TO PLAN OR NOT TO PLAN

Pleased and impressed by a recent piece in the Wall Street Journal (“Success and The City,” 7/14/14), in which the authors note with surprise that Houston is a huge success story among the big cities, though they also have the grace to observe that “Houston’s growth is more than oil-industry luck; it reflects a unique policy environment. The city and its unincorporated areas have no formal zoning, so land use is flexible and can readily meet demand. Getting building permits is simple and quick, with no arbitrary approval boards making development an interminable process. Neighborhoods can protect themselves with voluntary, opt-in deed restrictions or minimum lot sizes.  The flexible planning regime is also partly responsible for keeping Houston’s housing prices relatively low . . .”

Then it hit me:  just a few days earlier, I had been reading about The Woodlands, Texas, the “master planned community” where I live, which began as a suburb of Houston but has now become virtually a city in its own right.  The writer had observed what a huge success story The Woodlands is, how it will soon be more populated than places like Rochester, Des Moines, Baton Rouge, Spokane, Richmond, Reno, etc.  Not for the first time, I considered the possibility that, when the dust eventually settles after the upcoming move by Exxon to a vast area just south of The Woodlands, Houston might be on the way to being considered a suburb of Greater Woodlands.

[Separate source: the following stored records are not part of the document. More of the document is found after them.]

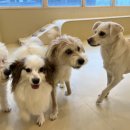 슈퍼해피독 이미지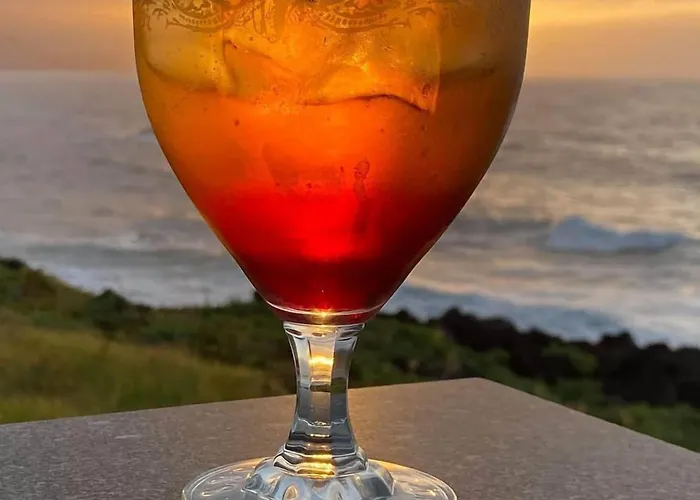 Calamar São Vicente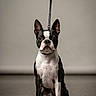 dog, boston_terrier, pet, leash, studio, portrait, black_and_white, sitting, floor, animal, canine, indoor, background, handler, attention, ears, cute, fur, expression, companion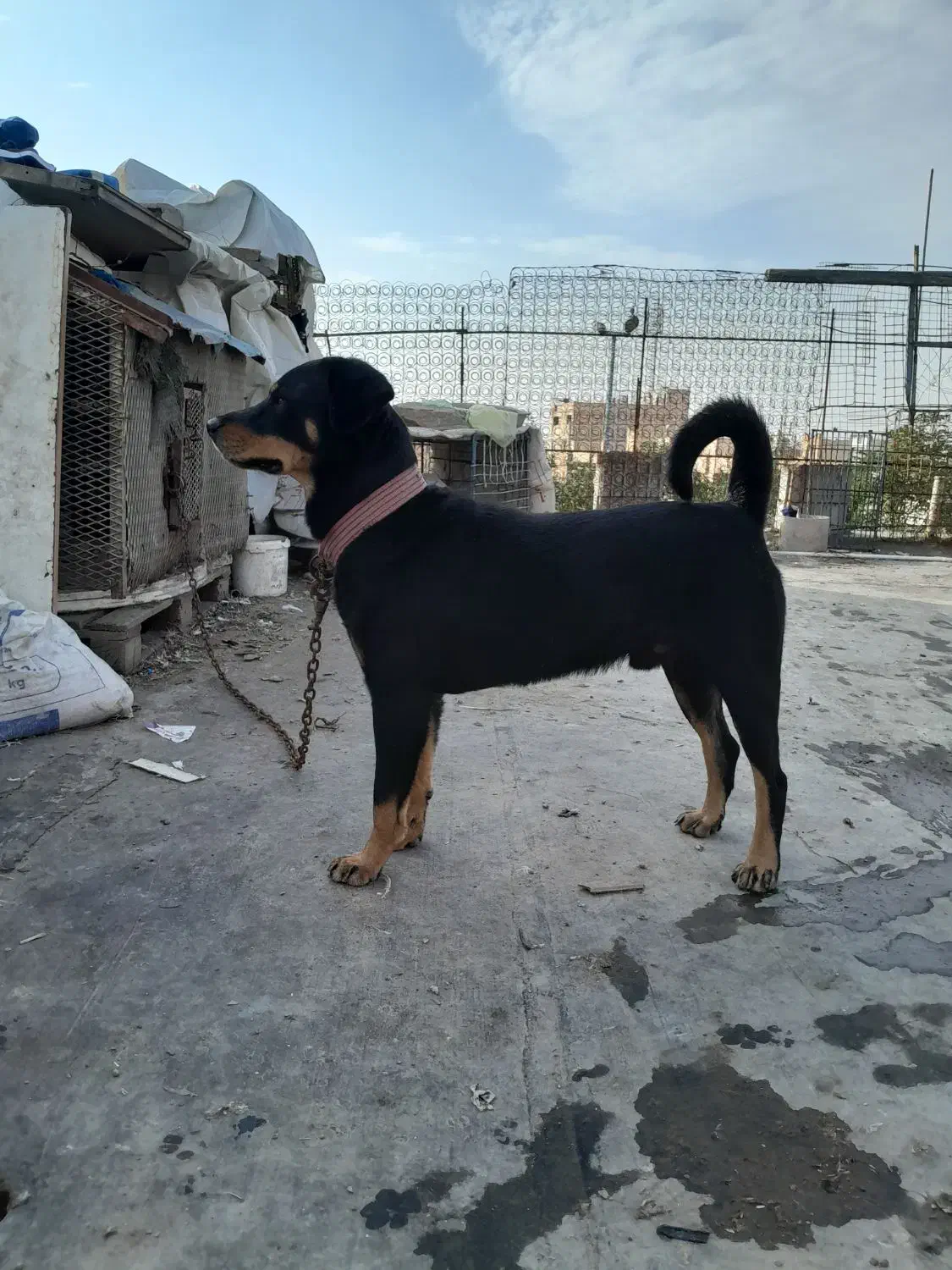 سگ روت ولیر|سگ|اهواز, نادری|دیوار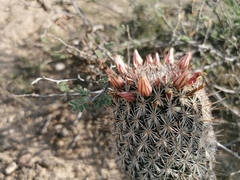 Coryphantha potosiana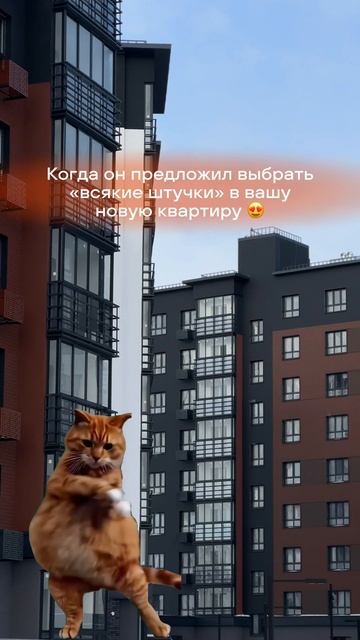 От таких предложений не отказываются!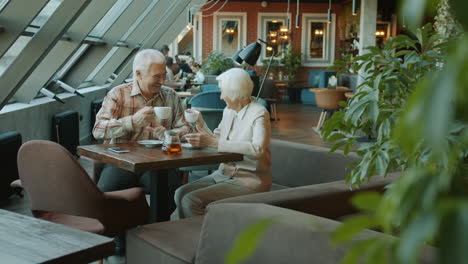elderly couple enjoying tea in a cafe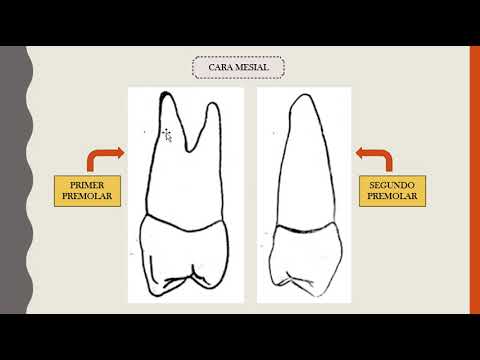 Vídeo: Diferencia Entre Primer Y Segundo Premolar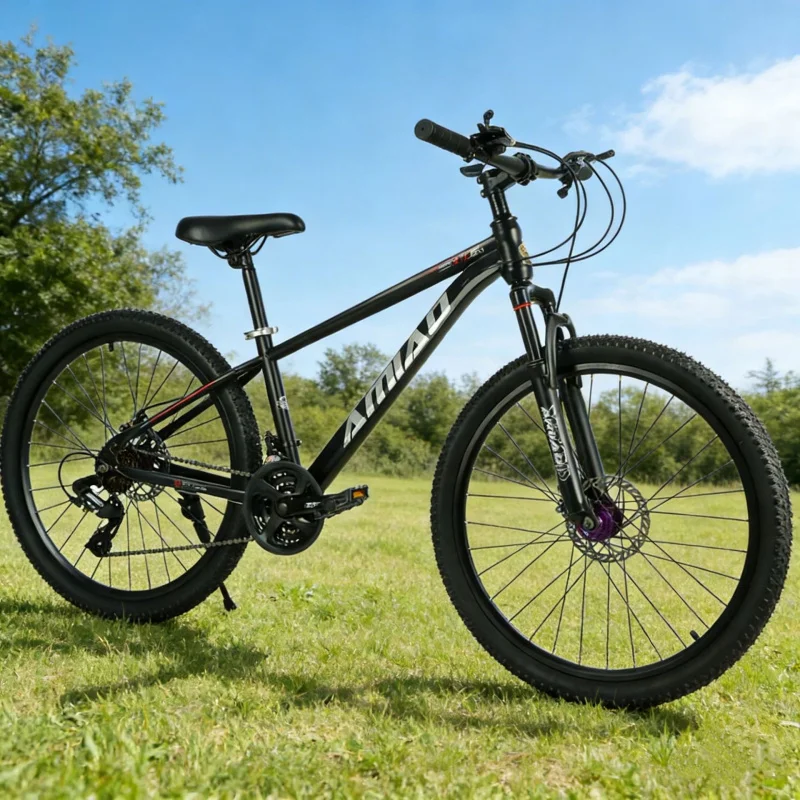 Vélo de montagne multi-vitesse - Cycling Low Gear avis et prix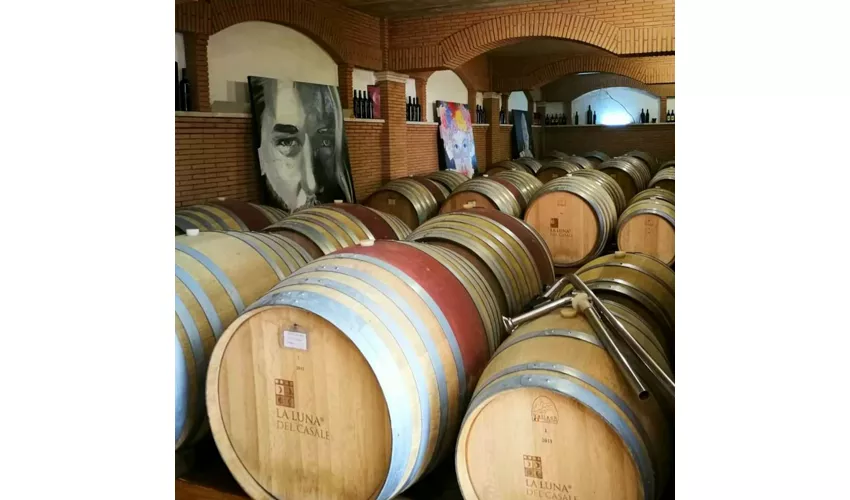 La Luna del Casale 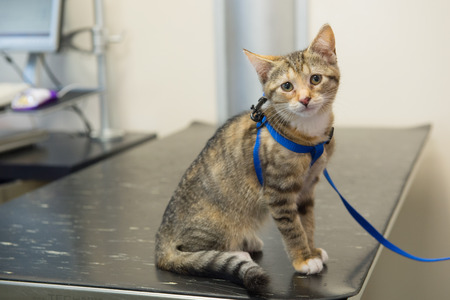 Little kitten cat sitting on the table by the veterinarianの写真素材
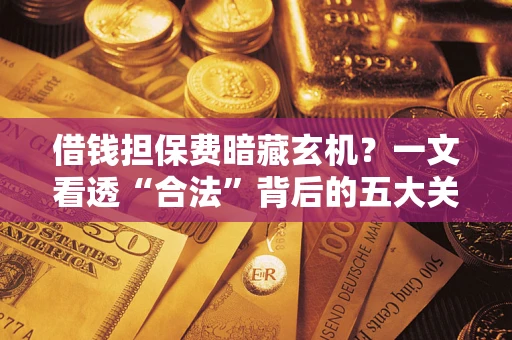 济南借钱担保费暗藏玄机？一文看透“合法”背后的五大关键陷阱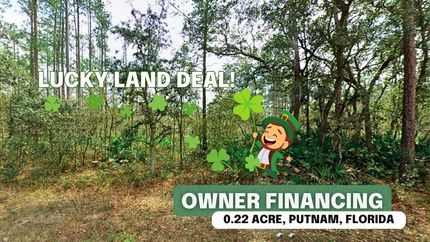 Undeveloped Land in Putnam County, Florida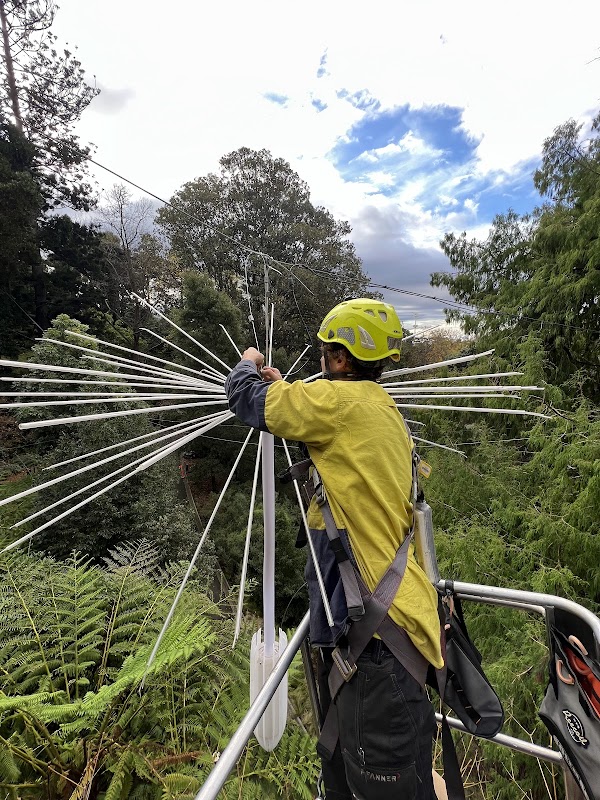 Tree Response project 7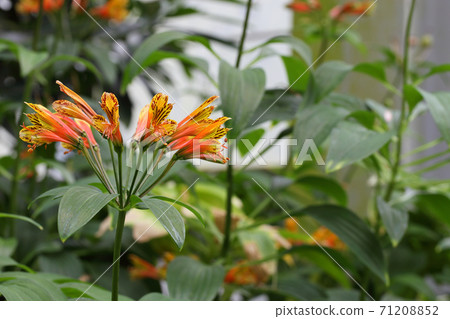 Alstremeria flowers Alstremeria flowers 71208852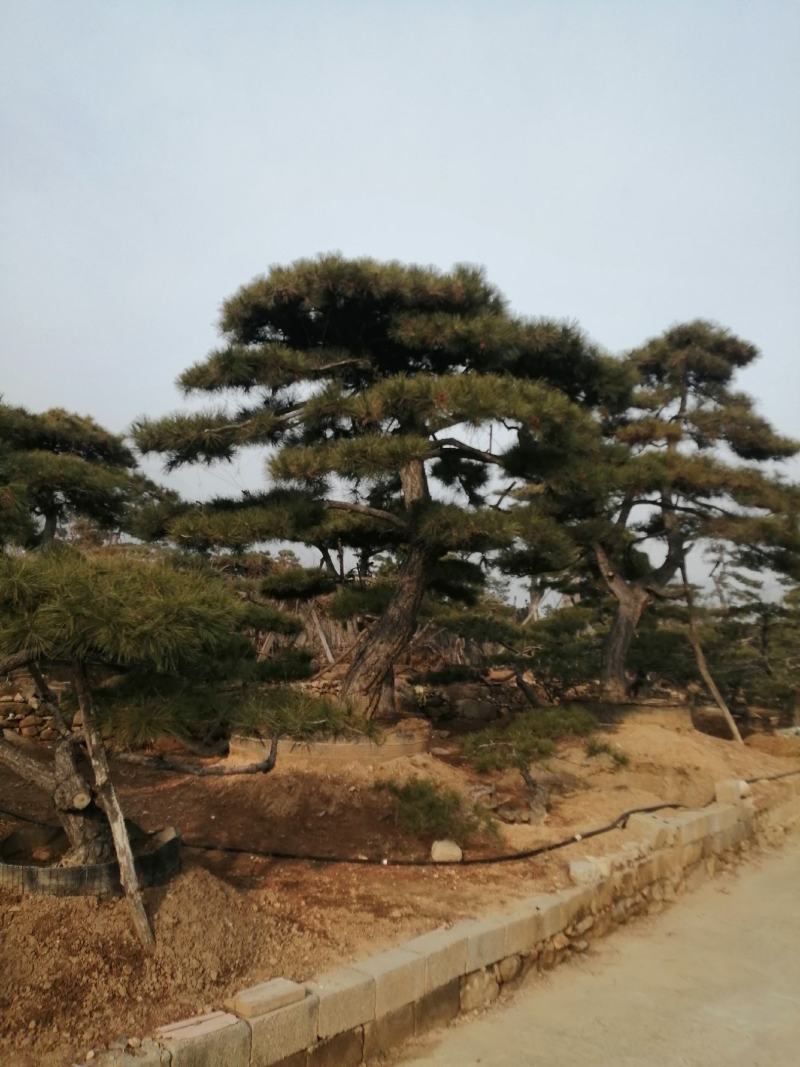 造型松，黑松，景松，迎客松，黑松造型树大量现货基地直发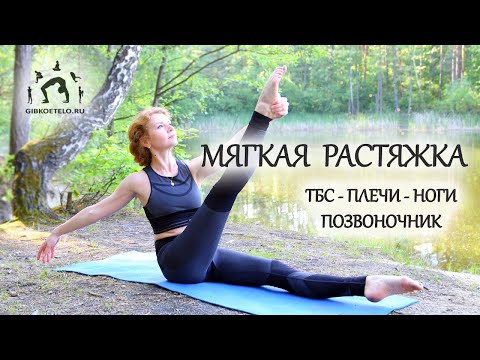 Видео: МЯГКАЯ РАСТЯЖКА от БОЛИ - ТАЗОБЕДРЕННЫЕ, ПОЗВОНОЧНИК, ПЛЕЧИ и НОГИ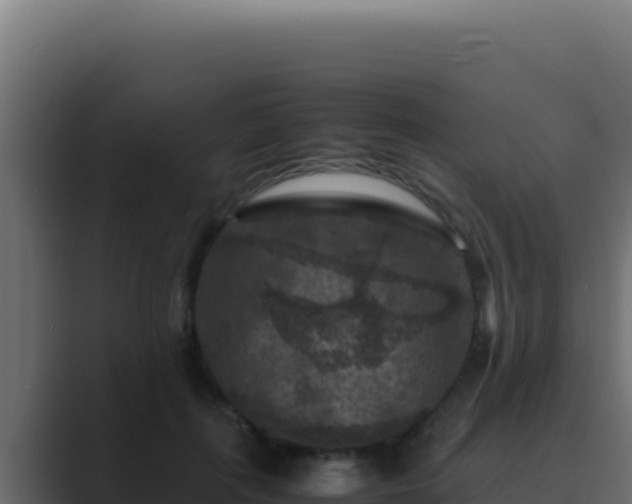 X0000089690651200706281416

So, which city has the answer:  super-planned The Woodlands, or reckless and out-of-control Houston?  Should future cities be modeled (or existing ones re-modeled) via progressive-style central planning, or should they follow the Hayek-style, conservative model of minimal governmental planning and regulation?  Is there irony in the political observation that our centrally-planned Woodlands has always been run by conservative Republicans, while zany free-market Houston – like most major American cities – is run by Democrats?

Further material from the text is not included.